**What you are asked to do**. Once the line holding "Protezione Civile" is found in the entries below, restate it and each line after it word for word, with no pictures.

**Recorded data**.
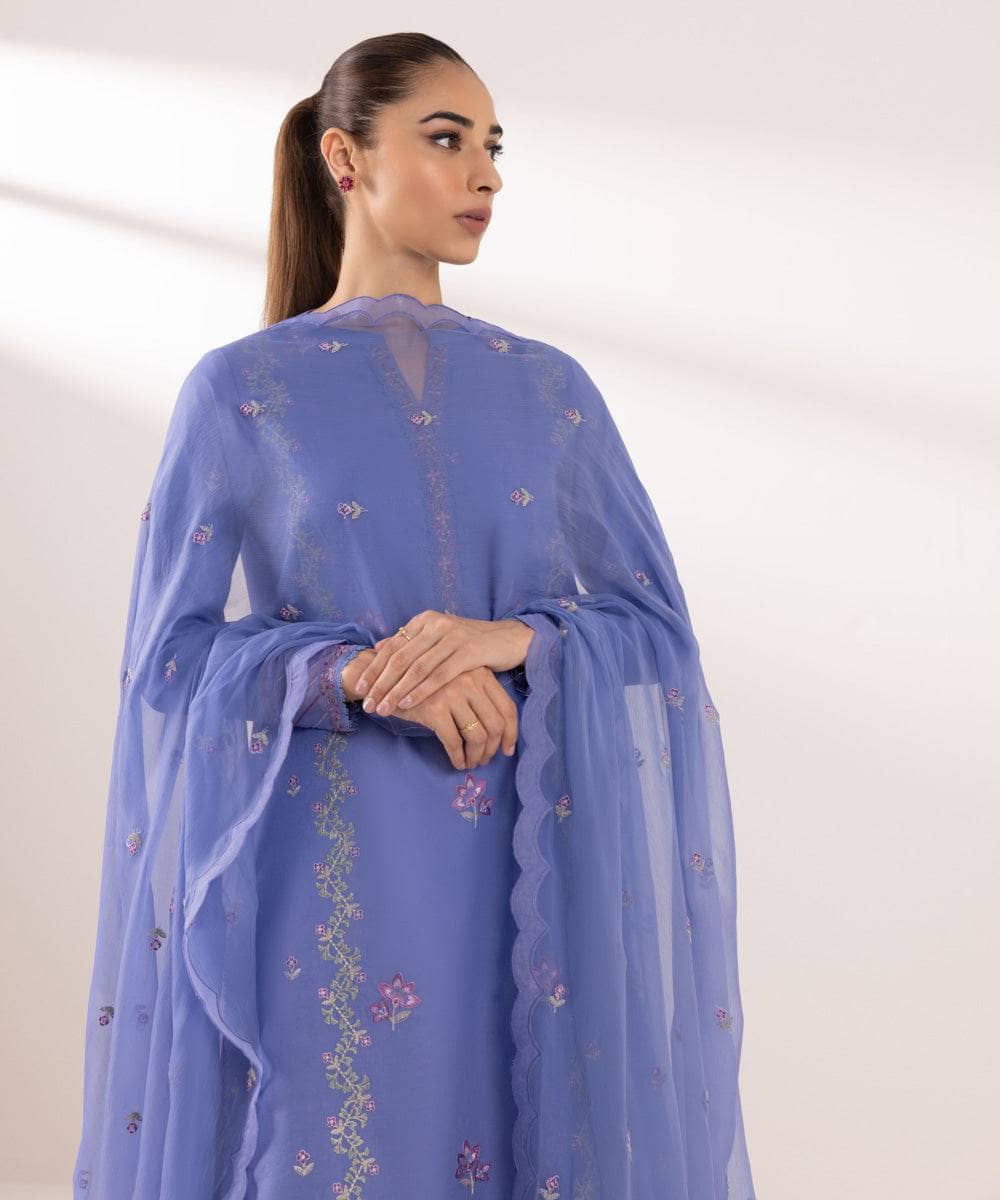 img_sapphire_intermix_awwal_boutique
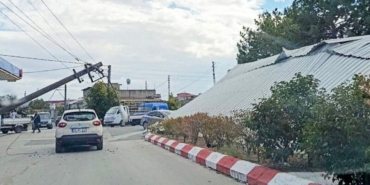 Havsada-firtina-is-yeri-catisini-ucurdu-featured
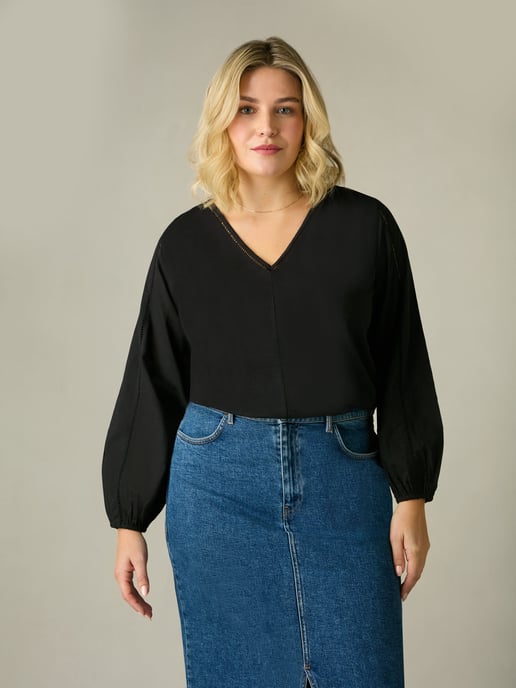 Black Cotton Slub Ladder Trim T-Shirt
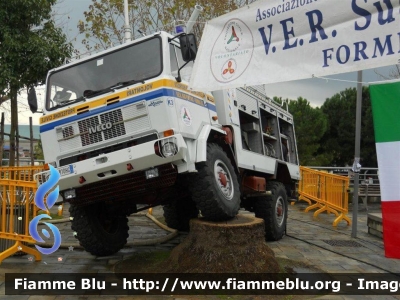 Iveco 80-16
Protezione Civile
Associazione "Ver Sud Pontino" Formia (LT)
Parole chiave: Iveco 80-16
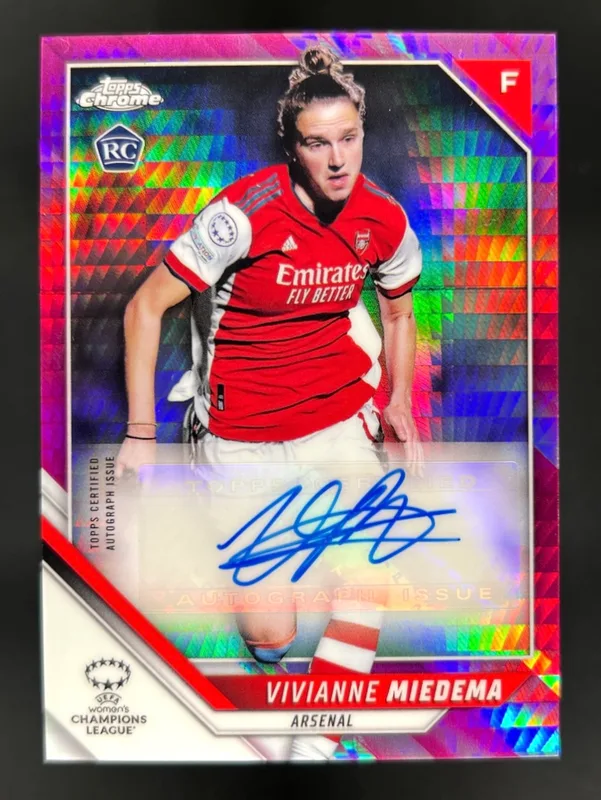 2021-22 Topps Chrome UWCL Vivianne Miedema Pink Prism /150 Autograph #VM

**The completed task**.
Protezione Civile
Associazione "Ver Sud Pontino" Formia (LT)
Parole chiave: Iveco 80-16
 2021-22 Topps Chrome UWCL Vivianne Miedema Pink Prism /150 Autograph #VM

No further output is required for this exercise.